Closed venkatd closed 8 years ago
The advantage of Asana, to my mind, is having a consistent place for all tasks of any kind. I absolutely hate having to look at more than one place to know what needs done.
@venkatd so in the way you're saying we only keep user stories on asana?
@JoshSmith could you comment on the JTBD that you have to handle when looking at Asana with our current process?
@idelahoz yes that's what I was suggesting.
I don't feel strongly one way or another. But I wanted to frame the discussion this way to get us thinking about what Asana is used for.
Asana is where I know what I'm doing at any given time, and what everyone else is doing. Asana is like my task-focused second brain. If you break that up, it's like having to context switch every time I try to answer the question: "what should I do next?"

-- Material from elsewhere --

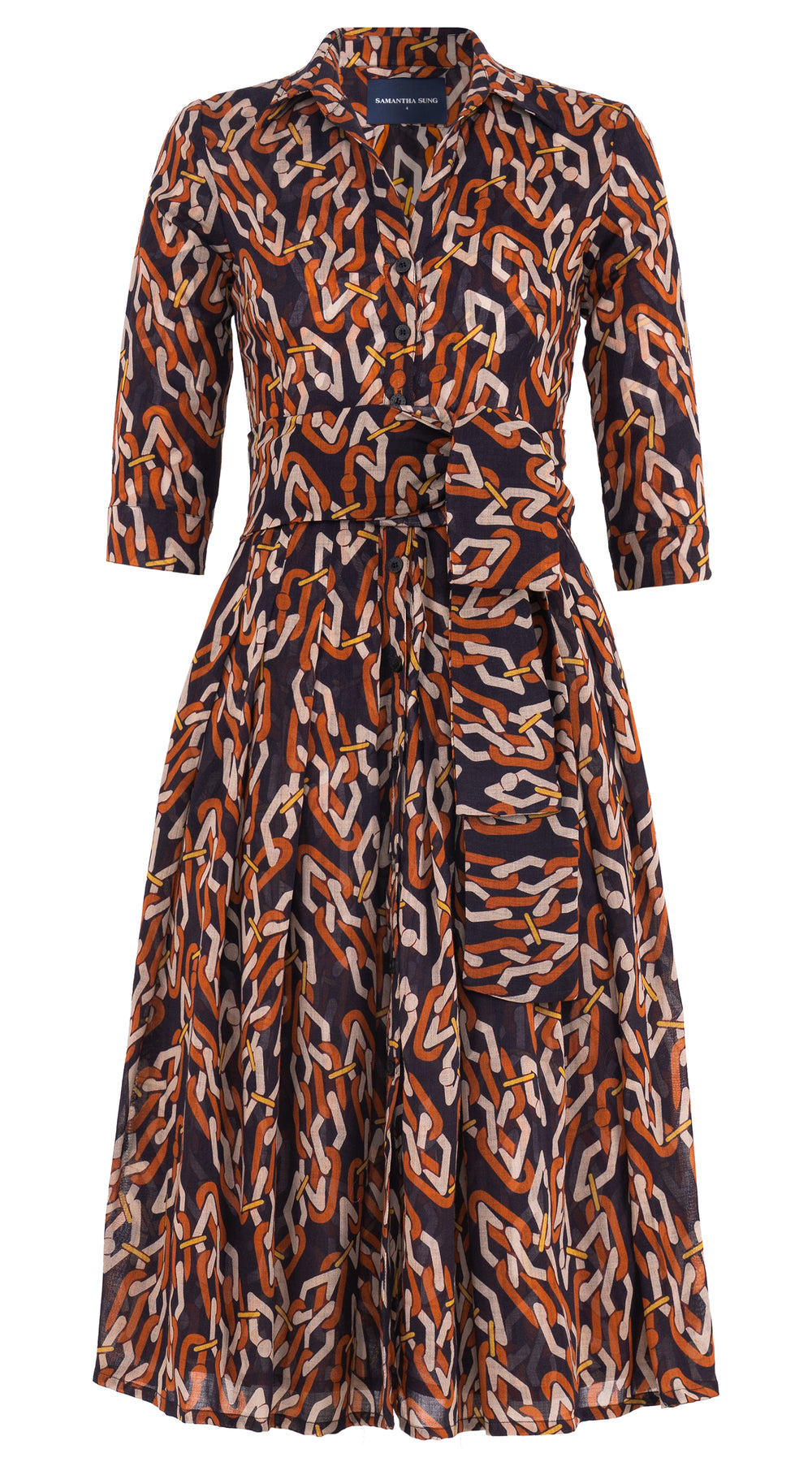 Audrey Dress #4 Shirt Collar 3/4 Sleeve Midi Length Wool (Multi Chain Dark) - Sepia Orange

If we can figure out what JTBD Asana is satisfying, we can be very targeted with our process improvements.
Examples:
@JoshSmith "What task should I work on next?" is another example of a JTBD. If we can unpack "where I know what I'm doing at any given time, and what everyone else is doing" into the component parts, we will be able to improve the process and uncover pains--even in the case where it makes sense to stick with Asana.
In other words, if we know all the specific jobs we are trying to accomplish then it becomes a matter of identifying if any of those jobs are currently painful and improving the process to remove those pains.
Asana satisfies a lot of those at once. This feels very abstract to me and I tend to have trouble brainstorming these out of nowhere. It would kill me to take all these tasks out of Asana because I can't reliably answer the question "what should I do next?"
Besides, the RFC at hand is "Moving tasks related to development back to GH", and from that perspective this is a big :-1: from me.
@JoshSmith I'm not suggesting we take the tasks out of Asana. Honestly I'm leaning toward keeping Asana.
Maybe this is a separate discussion, but I am more interested in honing in on what Asana is actually doing for us. If we pay attention to what job we are trying to accomplish when we fire up Asana, then I'd like to build a list of those jobs.
If this sounds abstract let me try to give an example.
Suppose I open up Asana to see what task I should work on next. In that moment, I can pay attention to what is going on in my head and think "I just opened up Asana to figure out what I should work on next. This is one job I try to get done."
Maybe an hour later "I just checked Asana to see if there were any tasks that need code reviews. Looks like I'm wanting to know what tasks are awaiting review right now"
So if we build up a list of these things then we can be more targeted with improvements. We can realize, "oh we have a lot of pain around knowing which tasks are awaiting review" and improve that process.
Not sure where to discuss something like this but either way I can start doing this exercise myself to get things going. I think there is a benefit to it but it's probably easier to show it in practice versus discussing it.
I think there is a benefit to it but it's probably easier to show it in practice versus discussing it.
100% agreed. I just can't wrap my head around it when we're not discussing a specific instance.
Let me close this since I think we're on the same page. Basically I'm asking us all to pay closer attention to the jobs we are trying to accomplish if that makes sense with the examples from above.
What is the advantage of Asana currently for having code related tasks in there?